İnternetsiz, tapesiz 1923’lerdeki   “Alo Yunus”, “Alo Falih Rıfkı”dan 1990’lar,  2000’lerdeki “Alo Aydın”, “Alo Dinç”e,  2013’deki  “Alo Fatih”e tek gerçekte; herkesin vesayet tarafgirliğidir. Vesayet; misilemeci “onlar şunu yaptı”, “eeeee siz de bunu yapmıştınız”,  “%45 onlar,  %55 biz”le,  bireyi biz,  siz, onlarda erittiğinden kafa boşaltıcı bir “izm”dir de.
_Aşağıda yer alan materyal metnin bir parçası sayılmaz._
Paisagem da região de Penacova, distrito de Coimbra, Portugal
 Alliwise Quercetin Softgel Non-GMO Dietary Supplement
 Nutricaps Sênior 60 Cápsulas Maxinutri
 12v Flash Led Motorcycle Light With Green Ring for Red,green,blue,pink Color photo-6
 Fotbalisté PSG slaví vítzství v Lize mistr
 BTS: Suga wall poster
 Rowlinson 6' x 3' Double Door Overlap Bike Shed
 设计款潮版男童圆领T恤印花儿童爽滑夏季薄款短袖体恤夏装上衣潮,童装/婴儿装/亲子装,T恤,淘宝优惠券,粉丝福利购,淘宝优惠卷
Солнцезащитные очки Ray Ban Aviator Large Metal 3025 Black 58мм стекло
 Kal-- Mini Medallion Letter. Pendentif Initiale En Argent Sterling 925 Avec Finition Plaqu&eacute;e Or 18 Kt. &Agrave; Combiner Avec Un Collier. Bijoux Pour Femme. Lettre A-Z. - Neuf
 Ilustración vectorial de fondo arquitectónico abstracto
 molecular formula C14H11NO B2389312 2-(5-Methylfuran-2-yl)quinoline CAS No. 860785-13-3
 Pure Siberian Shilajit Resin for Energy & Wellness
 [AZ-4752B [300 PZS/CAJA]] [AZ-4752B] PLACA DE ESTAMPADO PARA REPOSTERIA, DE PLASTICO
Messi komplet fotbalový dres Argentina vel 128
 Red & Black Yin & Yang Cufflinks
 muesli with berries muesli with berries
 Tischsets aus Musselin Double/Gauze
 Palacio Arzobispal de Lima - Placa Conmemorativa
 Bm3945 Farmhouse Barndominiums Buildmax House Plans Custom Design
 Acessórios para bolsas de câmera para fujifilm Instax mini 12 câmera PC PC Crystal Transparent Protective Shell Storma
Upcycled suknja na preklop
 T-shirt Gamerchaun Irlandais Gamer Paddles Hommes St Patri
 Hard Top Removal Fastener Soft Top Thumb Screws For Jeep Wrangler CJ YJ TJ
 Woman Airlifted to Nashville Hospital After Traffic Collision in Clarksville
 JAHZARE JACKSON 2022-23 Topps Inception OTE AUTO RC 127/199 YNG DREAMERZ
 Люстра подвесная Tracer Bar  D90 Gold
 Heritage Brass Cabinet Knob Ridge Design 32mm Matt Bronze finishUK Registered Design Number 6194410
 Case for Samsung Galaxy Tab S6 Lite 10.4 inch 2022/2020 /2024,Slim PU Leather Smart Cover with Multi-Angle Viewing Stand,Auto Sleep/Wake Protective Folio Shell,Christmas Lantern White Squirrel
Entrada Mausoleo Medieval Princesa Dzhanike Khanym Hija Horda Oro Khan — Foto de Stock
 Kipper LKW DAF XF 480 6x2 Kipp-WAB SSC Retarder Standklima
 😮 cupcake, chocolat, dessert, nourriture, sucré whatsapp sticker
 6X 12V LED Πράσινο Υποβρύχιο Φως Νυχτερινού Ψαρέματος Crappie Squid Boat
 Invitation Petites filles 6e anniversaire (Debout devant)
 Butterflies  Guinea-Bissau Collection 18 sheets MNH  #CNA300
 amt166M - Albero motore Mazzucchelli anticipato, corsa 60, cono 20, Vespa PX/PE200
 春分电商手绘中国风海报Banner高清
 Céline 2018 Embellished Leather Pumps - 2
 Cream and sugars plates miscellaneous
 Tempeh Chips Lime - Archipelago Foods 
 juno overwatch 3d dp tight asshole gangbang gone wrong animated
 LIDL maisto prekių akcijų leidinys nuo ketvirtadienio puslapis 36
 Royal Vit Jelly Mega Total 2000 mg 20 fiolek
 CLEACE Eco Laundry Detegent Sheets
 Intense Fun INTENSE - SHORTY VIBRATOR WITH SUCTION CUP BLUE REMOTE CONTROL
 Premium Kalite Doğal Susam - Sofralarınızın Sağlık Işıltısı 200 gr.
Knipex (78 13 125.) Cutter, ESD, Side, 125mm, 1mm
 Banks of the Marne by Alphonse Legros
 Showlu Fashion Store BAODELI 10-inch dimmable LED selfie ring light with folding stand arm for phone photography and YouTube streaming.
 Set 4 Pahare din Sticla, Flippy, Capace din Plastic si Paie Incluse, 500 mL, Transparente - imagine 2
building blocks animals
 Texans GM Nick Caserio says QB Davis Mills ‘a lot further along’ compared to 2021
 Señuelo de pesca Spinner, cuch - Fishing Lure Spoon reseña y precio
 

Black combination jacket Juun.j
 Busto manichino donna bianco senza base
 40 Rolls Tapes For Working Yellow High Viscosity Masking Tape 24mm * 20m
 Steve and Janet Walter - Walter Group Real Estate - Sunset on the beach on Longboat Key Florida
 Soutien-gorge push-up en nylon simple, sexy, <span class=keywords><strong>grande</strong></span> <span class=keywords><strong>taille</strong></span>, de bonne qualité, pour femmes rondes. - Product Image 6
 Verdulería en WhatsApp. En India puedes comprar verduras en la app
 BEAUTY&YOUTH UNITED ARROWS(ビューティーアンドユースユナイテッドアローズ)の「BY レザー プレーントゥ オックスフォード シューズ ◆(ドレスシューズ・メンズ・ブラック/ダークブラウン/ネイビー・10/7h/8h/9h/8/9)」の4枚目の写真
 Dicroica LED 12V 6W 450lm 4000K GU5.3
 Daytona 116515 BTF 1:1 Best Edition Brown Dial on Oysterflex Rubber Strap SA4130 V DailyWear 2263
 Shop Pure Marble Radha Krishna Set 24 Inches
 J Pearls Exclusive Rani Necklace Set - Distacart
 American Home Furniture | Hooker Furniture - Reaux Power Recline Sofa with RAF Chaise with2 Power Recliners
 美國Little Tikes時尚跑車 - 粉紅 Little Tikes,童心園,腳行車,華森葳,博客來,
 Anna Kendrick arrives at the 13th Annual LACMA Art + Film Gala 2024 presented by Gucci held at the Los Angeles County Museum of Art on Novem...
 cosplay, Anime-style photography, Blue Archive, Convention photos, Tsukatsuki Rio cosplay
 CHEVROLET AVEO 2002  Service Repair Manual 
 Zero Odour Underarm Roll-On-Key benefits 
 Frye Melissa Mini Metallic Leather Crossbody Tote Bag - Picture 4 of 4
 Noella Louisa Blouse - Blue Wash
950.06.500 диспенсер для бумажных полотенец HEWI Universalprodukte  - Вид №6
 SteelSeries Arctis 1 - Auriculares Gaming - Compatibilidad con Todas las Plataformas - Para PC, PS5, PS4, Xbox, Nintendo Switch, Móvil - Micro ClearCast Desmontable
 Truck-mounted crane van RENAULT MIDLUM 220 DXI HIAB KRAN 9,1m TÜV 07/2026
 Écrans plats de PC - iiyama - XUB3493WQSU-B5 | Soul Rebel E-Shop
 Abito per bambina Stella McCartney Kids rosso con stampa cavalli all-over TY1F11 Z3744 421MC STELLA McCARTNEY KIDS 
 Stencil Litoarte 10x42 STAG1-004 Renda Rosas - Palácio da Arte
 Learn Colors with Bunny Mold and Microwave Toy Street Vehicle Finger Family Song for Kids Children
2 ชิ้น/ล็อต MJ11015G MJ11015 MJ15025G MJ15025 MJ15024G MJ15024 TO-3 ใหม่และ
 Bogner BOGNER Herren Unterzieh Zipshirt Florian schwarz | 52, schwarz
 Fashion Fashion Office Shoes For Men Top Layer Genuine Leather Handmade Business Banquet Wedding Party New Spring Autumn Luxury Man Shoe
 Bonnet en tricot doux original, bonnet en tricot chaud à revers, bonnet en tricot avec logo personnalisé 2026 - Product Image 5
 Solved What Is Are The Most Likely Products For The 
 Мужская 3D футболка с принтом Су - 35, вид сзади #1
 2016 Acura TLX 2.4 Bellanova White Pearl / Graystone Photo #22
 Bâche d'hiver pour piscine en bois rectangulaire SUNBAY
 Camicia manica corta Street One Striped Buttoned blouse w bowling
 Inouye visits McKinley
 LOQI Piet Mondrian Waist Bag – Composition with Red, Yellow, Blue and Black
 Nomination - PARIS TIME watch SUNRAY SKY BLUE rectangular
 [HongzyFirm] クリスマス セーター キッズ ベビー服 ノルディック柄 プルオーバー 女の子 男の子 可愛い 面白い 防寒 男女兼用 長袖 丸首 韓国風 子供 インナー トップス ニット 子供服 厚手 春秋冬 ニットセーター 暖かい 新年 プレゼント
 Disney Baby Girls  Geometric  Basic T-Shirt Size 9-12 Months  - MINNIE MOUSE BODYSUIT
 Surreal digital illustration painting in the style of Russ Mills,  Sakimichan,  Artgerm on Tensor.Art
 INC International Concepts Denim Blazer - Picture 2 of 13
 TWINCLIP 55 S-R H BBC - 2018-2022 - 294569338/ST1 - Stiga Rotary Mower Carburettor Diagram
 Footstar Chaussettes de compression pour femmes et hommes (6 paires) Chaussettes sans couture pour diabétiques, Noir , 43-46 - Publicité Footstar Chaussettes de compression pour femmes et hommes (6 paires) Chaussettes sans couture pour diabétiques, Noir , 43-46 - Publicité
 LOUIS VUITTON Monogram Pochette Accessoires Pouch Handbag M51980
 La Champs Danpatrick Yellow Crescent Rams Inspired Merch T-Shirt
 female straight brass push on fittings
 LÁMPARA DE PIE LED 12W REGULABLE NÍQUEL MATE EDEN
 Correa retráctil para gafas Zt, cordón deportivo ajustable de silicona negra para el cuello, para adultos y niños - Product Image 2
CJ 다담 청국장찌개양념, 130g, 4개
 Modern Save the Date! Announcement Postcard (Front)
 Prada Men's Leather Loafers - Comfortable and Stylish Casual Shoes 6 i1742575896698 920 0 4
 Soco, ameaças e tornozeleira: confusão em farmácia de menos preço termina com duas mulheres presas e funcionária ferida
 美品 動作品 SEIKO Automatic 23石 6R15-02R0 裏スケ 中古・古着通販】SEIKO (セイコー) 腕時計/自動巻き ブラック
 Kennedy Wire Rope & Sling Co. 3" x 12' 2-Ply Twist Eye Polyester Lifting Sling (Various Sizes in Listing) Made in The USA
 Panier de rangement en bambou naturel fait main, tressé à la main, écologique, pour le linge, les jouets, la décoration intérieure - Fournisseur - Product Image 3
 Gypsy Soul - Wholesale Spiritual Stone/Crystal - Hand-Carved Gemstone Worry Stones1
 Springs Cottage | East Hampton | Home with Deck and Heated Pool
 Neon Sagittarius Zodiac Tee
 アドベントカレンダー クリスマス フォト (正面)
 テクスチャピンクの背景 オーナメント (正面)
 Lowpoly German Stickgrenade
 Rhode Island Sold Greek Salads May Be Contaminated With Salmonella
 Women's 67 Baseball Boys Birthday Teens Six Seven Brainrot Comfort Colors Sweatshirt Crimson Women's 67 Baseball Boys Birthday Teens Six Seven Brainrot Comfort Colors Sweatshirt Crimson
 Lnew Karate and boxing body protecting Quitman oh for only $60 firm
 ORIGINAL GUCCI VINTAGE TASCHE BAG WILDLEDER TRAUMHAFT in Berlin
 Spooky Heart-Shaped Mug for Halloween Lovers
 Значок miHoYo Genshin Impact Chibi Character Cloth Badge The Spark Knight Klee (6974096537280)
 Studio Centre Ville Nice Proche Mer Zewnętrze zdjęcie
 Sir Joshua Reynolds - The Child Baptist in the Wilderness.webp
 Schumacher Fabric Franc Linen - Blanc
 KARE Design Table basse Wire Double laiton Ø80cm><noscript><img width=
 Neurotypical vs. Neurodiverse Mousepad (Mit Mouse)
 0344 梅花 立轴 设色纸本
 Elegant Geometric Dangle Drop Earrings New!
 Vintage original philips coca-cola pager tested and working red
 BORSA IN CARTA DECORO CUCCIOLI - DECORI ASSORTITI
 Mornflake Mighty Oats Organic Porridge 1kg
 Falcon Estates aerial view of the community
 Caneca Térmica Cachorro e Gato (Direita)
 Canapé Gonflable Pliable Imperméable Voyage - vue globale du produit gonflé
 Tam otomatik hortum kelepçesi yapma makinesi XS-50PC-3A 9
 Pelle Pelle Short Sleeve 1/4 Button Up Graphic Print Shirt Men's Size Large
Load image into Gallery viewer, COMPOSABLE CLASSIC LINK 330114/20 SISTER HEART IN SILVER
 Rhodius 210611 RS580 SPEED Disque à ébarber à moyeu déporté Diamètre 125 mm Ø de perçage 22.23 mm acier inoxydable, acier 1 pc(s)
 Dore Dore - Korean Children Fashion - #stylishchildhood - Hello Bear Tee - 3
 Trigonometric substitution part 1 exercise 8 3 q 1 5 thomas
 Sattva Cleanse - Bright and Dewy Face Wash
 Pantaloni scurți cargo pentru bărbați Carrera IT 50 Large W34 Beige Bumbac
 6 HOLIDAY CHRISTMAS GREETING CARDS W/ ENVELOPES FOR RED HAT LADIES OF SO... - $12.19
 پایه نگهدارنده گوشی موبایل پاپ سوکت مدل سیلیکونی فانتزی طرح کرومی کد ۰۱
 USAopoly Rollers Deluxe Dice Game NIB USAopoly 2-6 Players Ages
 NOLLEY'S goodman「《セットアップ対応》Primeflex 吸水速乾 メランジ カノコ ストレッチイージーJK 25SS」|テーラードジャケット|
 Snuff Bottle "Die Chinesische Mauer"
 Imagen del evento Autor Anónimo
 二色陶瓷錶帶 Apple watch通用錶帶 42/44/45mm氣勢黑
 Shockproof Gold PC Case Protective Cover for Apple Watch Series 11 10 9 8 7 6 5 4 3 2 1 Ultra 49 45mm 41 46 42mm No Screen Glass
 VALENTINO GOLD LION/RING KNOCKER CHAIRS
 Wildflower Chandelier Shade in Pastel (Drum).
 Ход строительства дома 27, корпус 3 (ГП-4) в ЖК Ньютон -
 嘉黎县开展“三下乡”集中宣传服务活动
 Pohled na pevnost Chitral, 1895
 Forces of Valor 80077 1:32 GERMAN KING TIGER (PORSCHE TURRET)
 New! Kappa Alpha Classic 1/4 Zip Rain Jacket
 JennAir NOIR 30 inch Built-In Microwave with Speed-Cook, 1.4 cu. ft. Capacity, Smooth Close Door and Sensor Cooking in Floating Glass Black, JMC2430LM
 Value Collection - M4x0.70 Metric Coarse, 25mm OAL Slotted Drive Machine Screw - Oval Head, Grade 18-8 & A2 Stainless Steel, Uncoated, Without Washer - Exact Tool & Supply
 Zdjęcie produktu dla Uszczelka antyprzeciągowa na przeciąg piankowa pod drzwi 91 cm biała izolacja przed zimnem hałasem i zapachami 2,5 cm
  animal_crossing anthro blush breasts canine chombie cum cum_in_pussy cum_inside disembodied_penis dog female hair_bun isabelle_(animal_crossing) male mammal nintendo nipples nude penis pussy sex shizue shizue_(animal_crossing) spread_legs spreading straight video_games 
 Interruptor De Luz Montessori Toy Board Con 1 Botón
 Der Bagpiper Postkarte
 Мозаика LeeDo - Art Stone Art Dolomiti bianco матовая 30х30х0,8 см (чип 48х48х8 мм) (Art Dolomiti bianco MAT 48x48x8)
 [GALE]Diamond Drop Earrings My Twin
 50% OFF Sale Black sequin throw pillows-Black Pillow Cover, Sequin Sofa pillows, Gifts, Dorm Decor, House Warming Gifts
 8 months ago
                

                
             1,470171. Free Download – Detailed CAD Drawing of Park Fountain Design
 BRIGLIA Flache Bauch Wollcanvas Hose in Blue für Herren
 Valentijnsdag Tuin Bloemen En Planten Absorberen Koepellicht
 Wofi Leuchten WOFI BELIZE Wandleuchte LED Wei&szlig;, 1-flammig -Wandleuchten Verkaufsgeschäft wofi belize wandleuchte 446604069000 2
Zira biaatçı bireyin görevi “biz”in bekası uğruna vesayetçisinin kararını, direktifini sorgusuz sualsiz yerine getirmektir.

Fakat labirent deneylerinde bile fareler ucu kapalı bir yolu üç defa gitmezken illaki kan… illaki revan …illaki entrika… illaki kargaşa peşinde; ortamlarda HDP’ye oy verdiğini söyleyip Fethiye, Ordu, Samsun, Aksaray’da Kürtleri linçe yeltenmiş cepheye oy vermeyi, verdirmeyi “aydın tavrı”yla yutturma pespayeliği, artık bilinmeyen bir hikaye de değildir.

Kendinizin, yandaşınızın sesini duymaktan bıkmadığınız 140 karakterli sanal dünyanızdan bir ayrılabilseniz; ne çok ses var değil mi? Belki doğru bir şey söylüyordur karşıtınız,  belki aynı şeyi düşünüyor, aynı şeyi istiyorsunuzdur. Belki en büyük zaferin içinde birlikte kaybetmişsinizdir, onu bile bilemeden; duymuyoruz birbirimizi, duymakta istemiyoruz.

Kazanmakta,  bir hiçi fethetmekse, aslında  nedir ki?